Manganese Telluride Carbonyl Complexes: Facile Syntheses and Exotic Properties - Reversible Transformations, Hydrogen Generation, Paramagnetic, and Semiconducting Properties

A novel family of five Mn-Te-CO complexes was prepared via facile syntheses: mono spirocyclic [Mn₄Te(CO)₁₆]^2- (1), four-membered Mn₂Te₂ ring-type [Mn₂Te₂(CO)₈]^2- (2), hydride-containing square pyramidal [HMn₃Te₂(CO)₉]^2- (3), and dumbbell-shaped [Mn₆Te₆(CO)₁₈]^4- (4) and [Mn₆Te₁₀(CO)₁₈]^4- (5). Electron-precise complexes 4 and 5 exhibit unusual paramagnetism arising from two types of Mn atoms in different oxidation states, as determined by X-ray photoelectron spectroscopy, electron paramagnetic resonance, and density functional theory (DFT) calculations. The structural transformations from small-sized Mn₄Te 1 and Mn₂Te₂ 2 to the largest Mn₆Te₁₀ 5 were controllable, the off/on magnetic-switched transformation between HMn₃Te₂ 3 and 5 was reversible, and the magnetic transformation between Mn₆Te₆ 4 and 5 was observed. Interestingly, the reversible dehydridation and hydridation between the HMn₃Te₂-based cluster 3 and [Mn₃Te₂(CO)₉]^- were successfully accomplished, in which the release of a high yield of H₂ was detected by gas chromatography. In addition, upon the addition of CO, cluster 3 first forms a carbonyl-inserted intermediate [HMn₃Te₂(CO)₁₀]^2- (3′), detected by the high resolution ESI-MS, which is readily transformed to a dimeric dihydrido cluster [{HMn₃Te₂(CO)₁₀}₂]^2- (6) with the introduction of O₂. These low- to high-nuclearity complexes exhibit rich redox properties with semiconducting behavior in solids, possessing low but tunable energy gaps (1.06-1.62 eV) due to efficient electron transport via nonclassical C-H···O(carbonyl) interactions.
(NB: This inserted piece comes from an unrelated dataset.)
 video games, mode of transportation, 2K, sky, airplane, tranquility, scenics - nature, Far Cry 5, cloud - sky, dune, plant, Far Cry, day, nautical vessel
The structural nature, reversible structural transformations, controllable on/off magnetic switches, electron communication networks, and associated chemical properties for hydrogen generation are discussed in detail and supported by DFT calculations, density of states, band structures, and noncovalent interaction analyses.